URBANA – Entrenched political powers are resorting to questionable and sometimes unlawful campaign tactics in order to control the political outcome of the upcoming 2021 Champaign County Consolidated Primary Election.

This is especially so since a new cohort of candidates, unsatisfied with the current local government, have entered the political arena this election.

Caracal Reports spoke to newcomer candidates Rita Conerly (City of Champaign Township Supervisor), Justin Micháel Hendrix (Champaign City Council District 3, write-in candidate), and Meghan McDonald (Urbana City Council Ward 5) about the intimidation and antagonism they faced from elected officials within the Champaign County Democratic Party (read here).

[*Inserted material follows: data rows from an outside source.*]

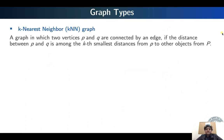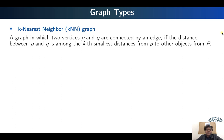There are different ways to construct these graphs. One of the most popular ways is the k-nearest neighbor (KNN) graph. Two vertices p and q will be connected by an edge if the distance between p and q is among the k-th smallest distances from p to any other node in the set of vertices. Essentially, each node will be connected to its k nearest neighbors.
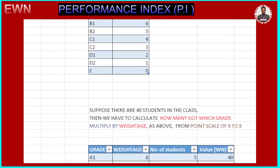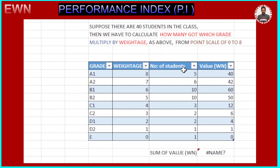For this subject, we find how many students got which grade. For instance, A1 — 5 students got it, A2 — 6 students, and so on. We have a column for number of students. Suppose there are 40 students in the class; if we add all entries it should total 40. Count them by tally marks and write it — A1: 5 students, A2: 6 students, and so on. The weightage goes from 0 to 8.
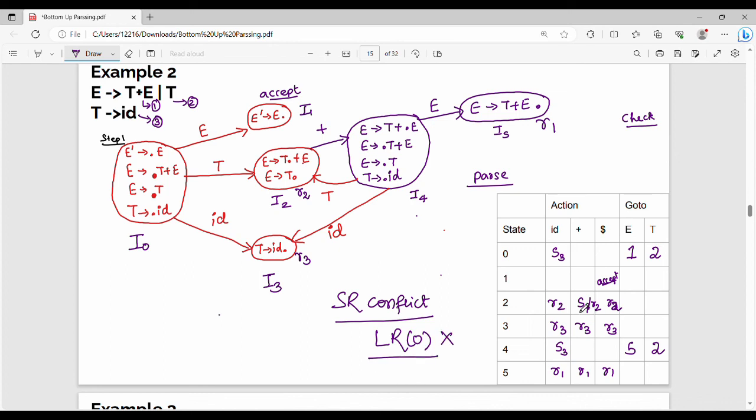Because there is one cell with multiple entries, there is a conflict — that is the key point. Now look at the next video. Please like and comment. Thank you.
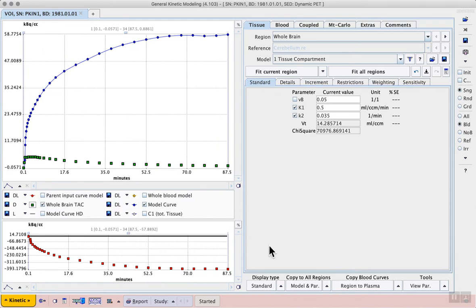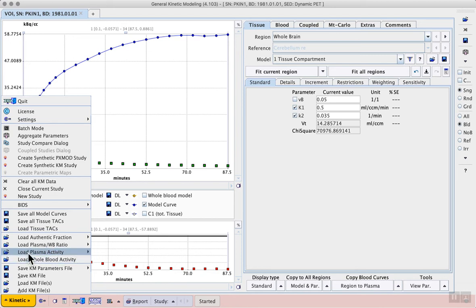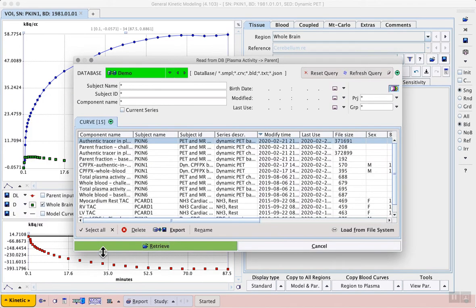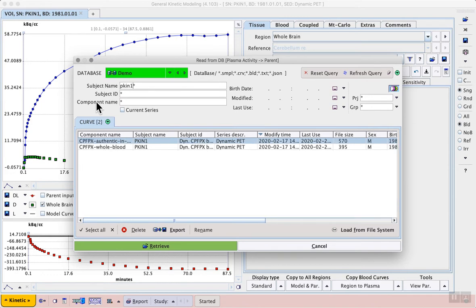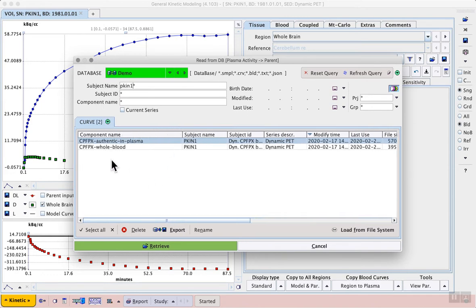Next we need to either have a ratio to convert that into plasma concentration or a file that already contains the authentic plasma concentration. In this case we have a corresponding curve with the authentic concentration of tracer in the plasma, so we can use load plasma activity.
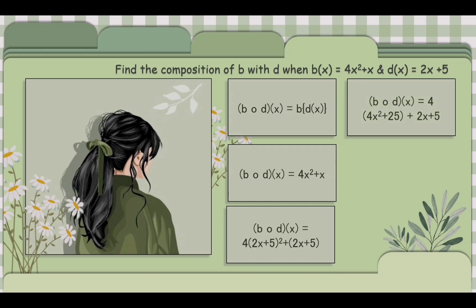After that, we multiply 2x plus 5 by itself so it would become 4x squared.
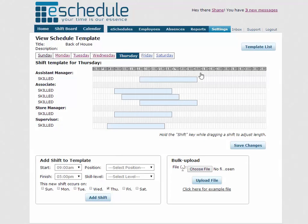Basically what a template is, is it's an outline of your optimal shift coverage for any given week. So some companies have implementations where they're able to just use the same template every week. Their labor doesn't change too much. If they make any adjustments, they can just do it in their schedules. Others may have a couple different templates, kind of a busy week and a slower week, and so they utilize both of those.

More recently, former Urbana City Council member, Esther Patt used her connections within the City to obtain confidential information about police complaints made to the Civilian Police Review Board (CPRB) (read here). She publicly disclosed the information in an attempt to damage the reputation of a newcomer candidate, who is running in opposition to her candidate of choice.

In another instance, Phyllis Clark, the current Urbana City Clerk filmed her campaign video in what looks appears to be the City Clerk’s office.

Phyllis Clark was chosen by Mayor Diane Marlin to fill the City Clerk position after the resignation of Charlie Smyth in 2020. Clark is running against Titiana Ammons for the position of City Clerk in this coming election.

Both the Urbana Employee Ethics Ordinance and the Illinois Employee Ethics Act prohibit using City and State property or resources for the benefit of any campaign for elective office.

It is unclear who performed the filming of Clark’s campaign video but the City Building has been closed to the public since the start of the pandemic.

Clark’s campaign video has since been removed from her Facebook campaign page but is available below.

Many of the first-time candidates for the Champaign-Urbana 2021 Municipal Elections are community activists, watchdogs, and volunteers. They are running for office to give voices to marginalized communities in our cities.

It is concerning that the entrenched political powers are getting away with violating laws regarding political activities, further propagating the inequalities in political power and representation in Champaign County.